WHAT THE TASK ASKS: Transcribe exactly the entries from the "Beauty Kit Beauty" line to the end, both included, minus pictures.

** Opening SOURCE RECORDS block **

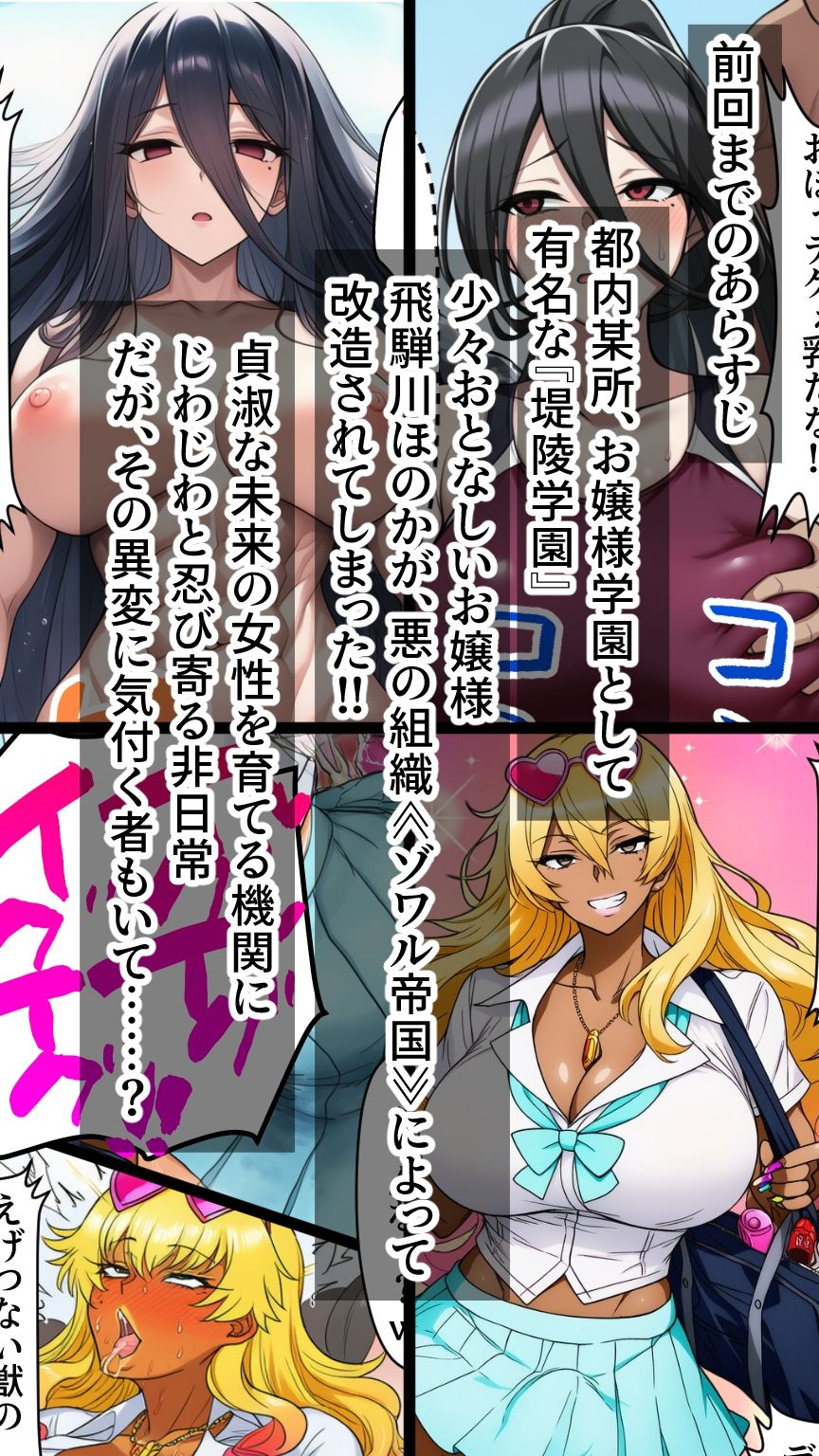 ふたなり洗脳改造〜敗北し悪に堕ちる変身ヒロイン〜 サンプル5ページ目
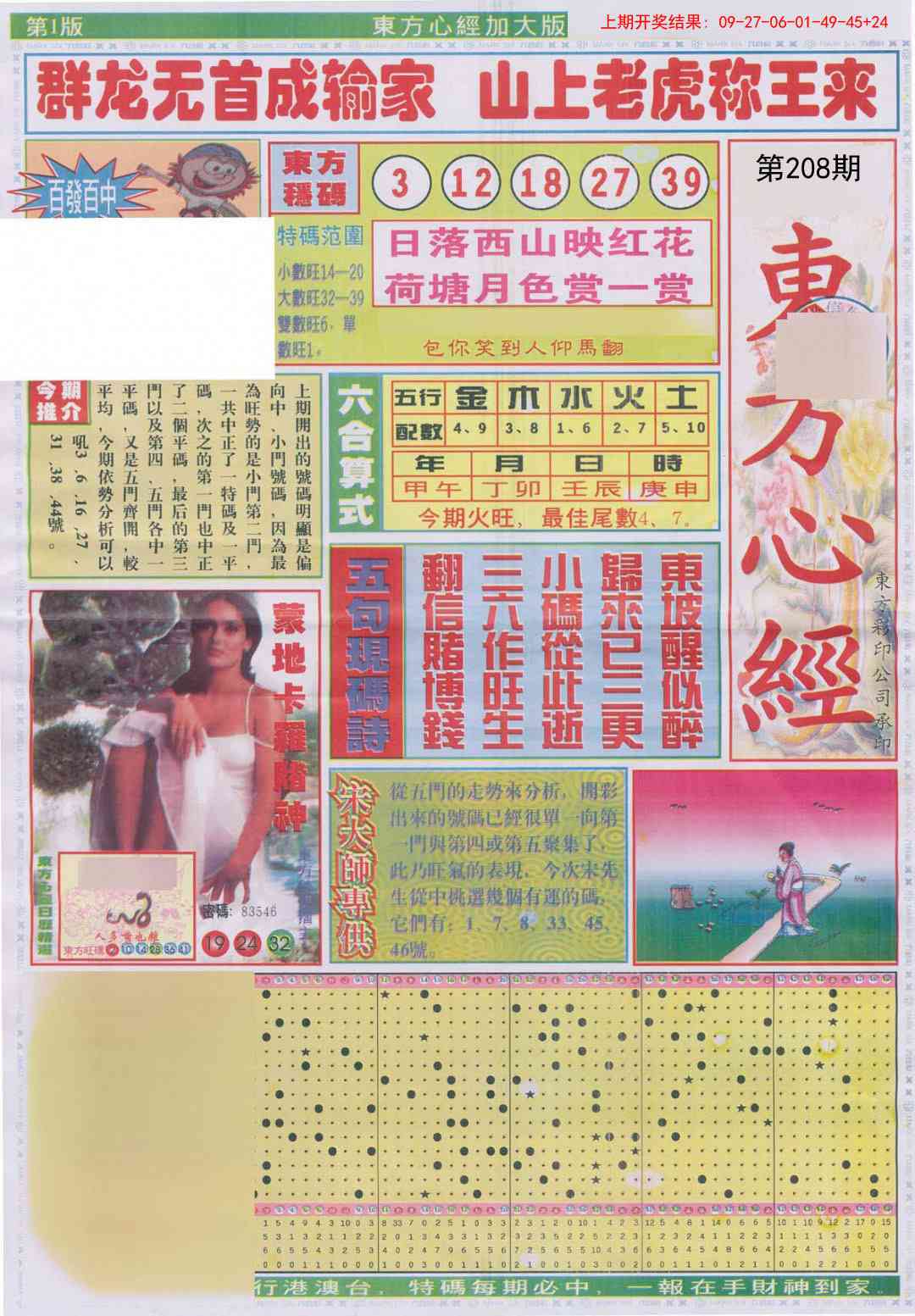 208期东方心经A加大版[图]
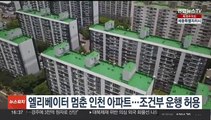 엘리베이터 멈춘 인천 아파트…조건부 운행 허용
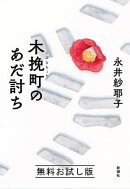木挽町のあだ討ち 無料お試し版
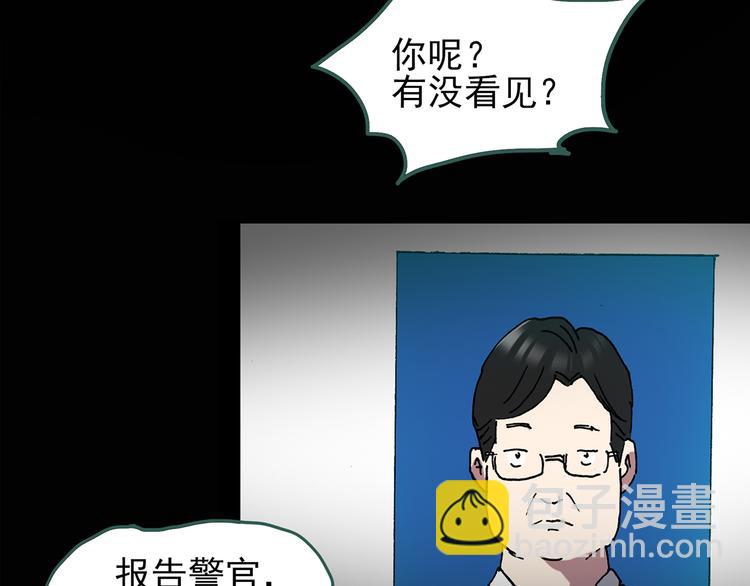 🍸怪奇实录 第109话 云来饭店 中3 第10页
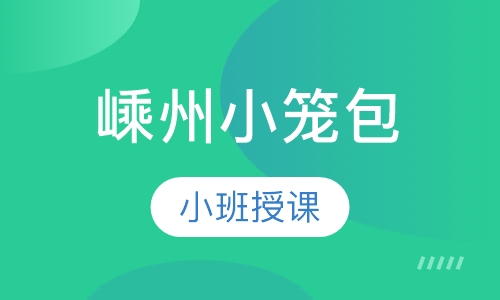 嵊州小笼包
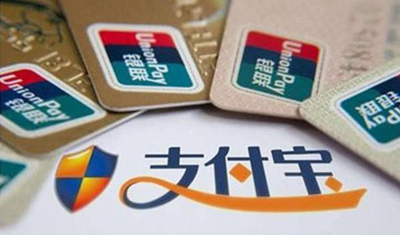 宁愿向别人借钱,也不使用借呗和花呗?网友:太坑了 宁愿向别人借钱,也不使用借呗和花呗?网友:太坑了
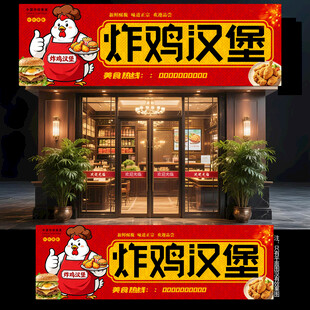 炸鸡汉堡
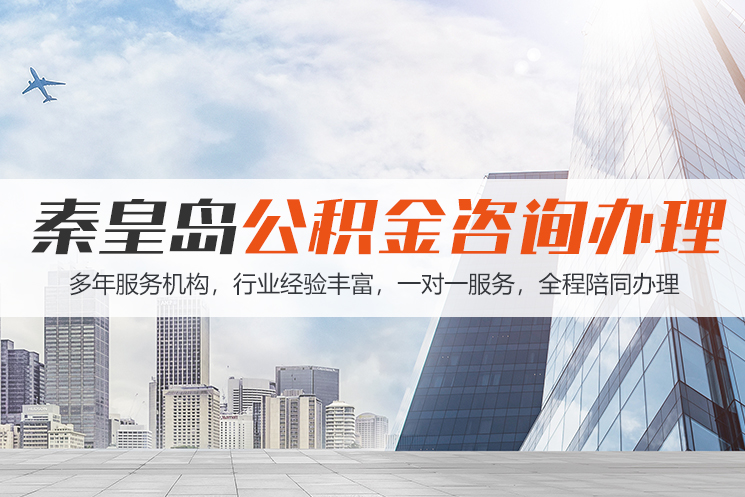 永州秦皇岛公积金代办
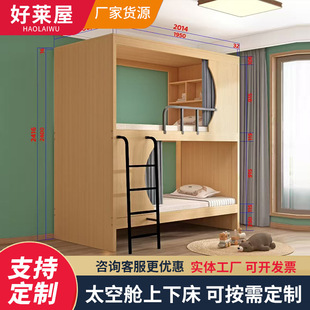 ̫œߵʹlȫpӴތWйFˇľ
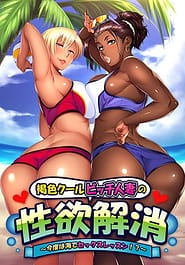 Kasshoku Cool Bitch Hitozuma no Seiyoku Kaishou -Kondo wa Umi de Sex Lesson! | View Image!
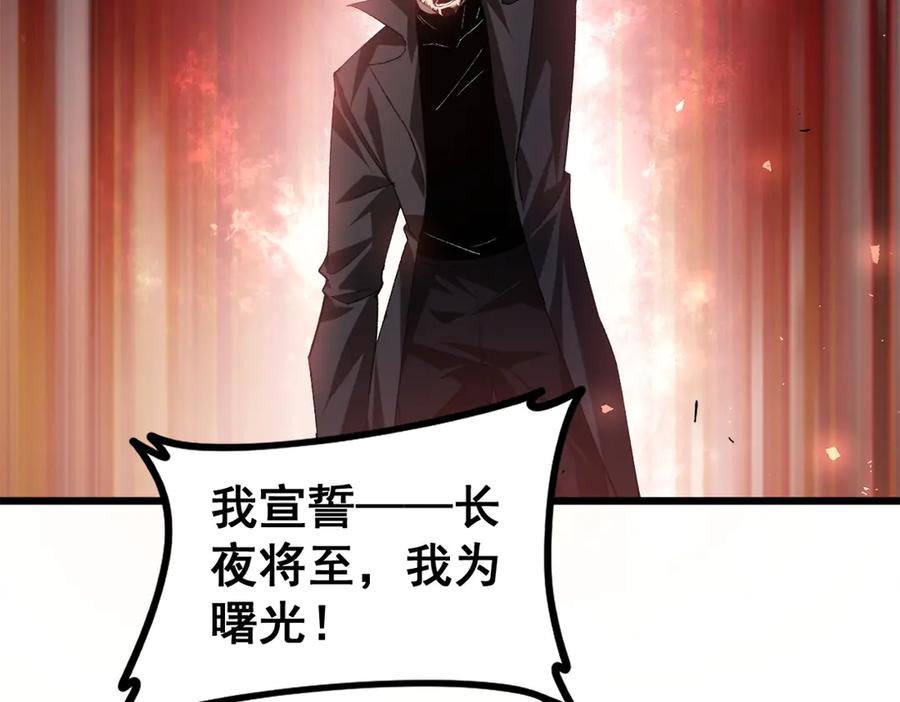 《虫族主宰：我玩的就是天灾》第49话 救援楚江 第110页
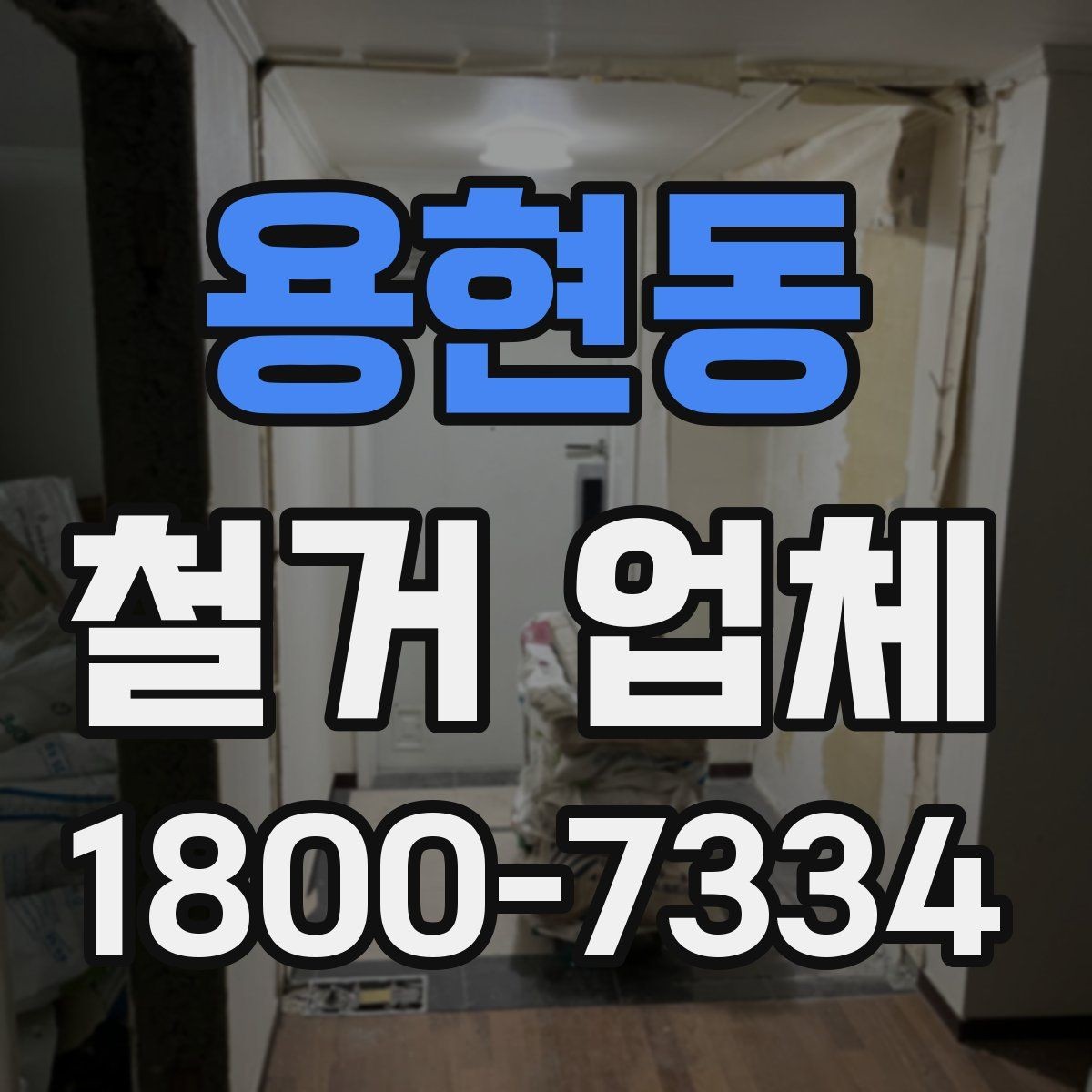 용현동 철거 업체 선택 후 현장 관리 포인트
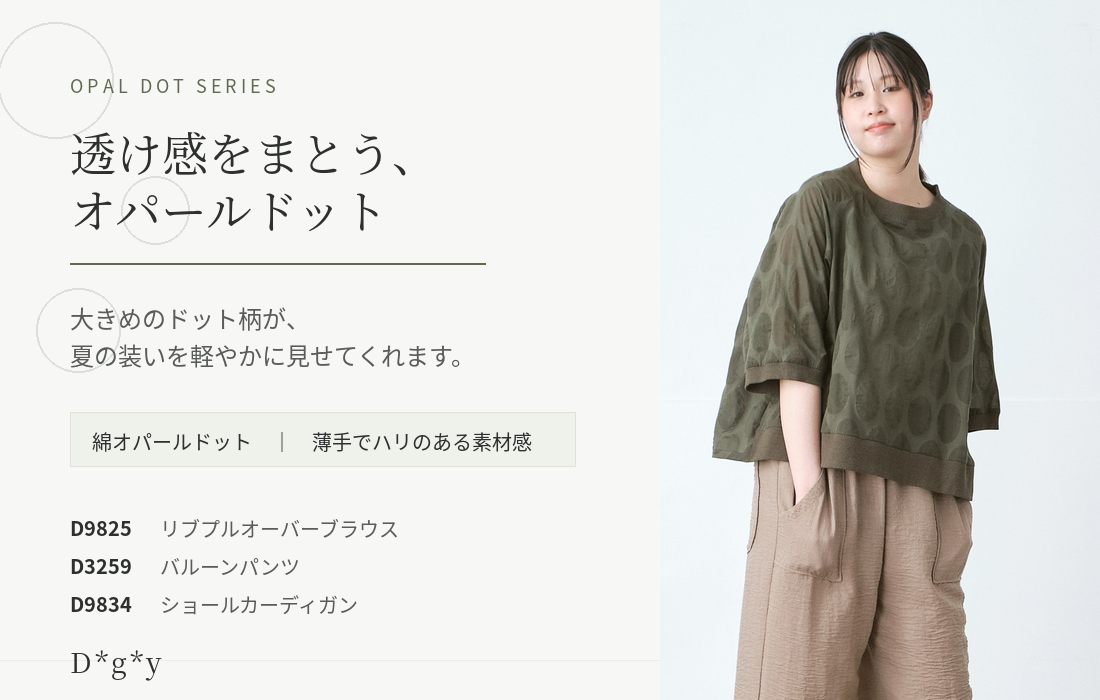 メインビジュアル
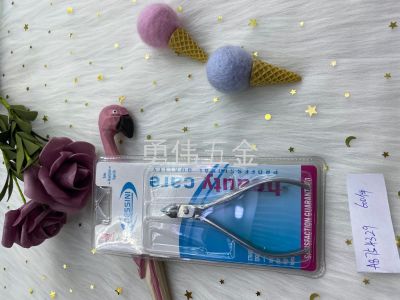 Beauty Kit Beauty Tools Exfoliating Scrub Scissors Factory Direct Sales Beauty Tools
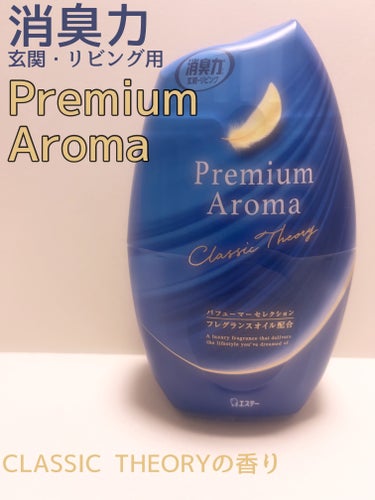 消臭力Premium Aroma クラシックセオリー/消臭力/ルームフレグランスを使ったクチコミ（1枚目）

** Closing SOURCE RECORDS block **

RESPONSE:
 Beauty Kit Beauty Tools Exfoliating Scrub Scissors Factory Direct Sales Beauty Tools
 消臭力Premium Aroma クラシックセオリー/消臭力/ルームフレグランスを使ったクチコミ（1枚目）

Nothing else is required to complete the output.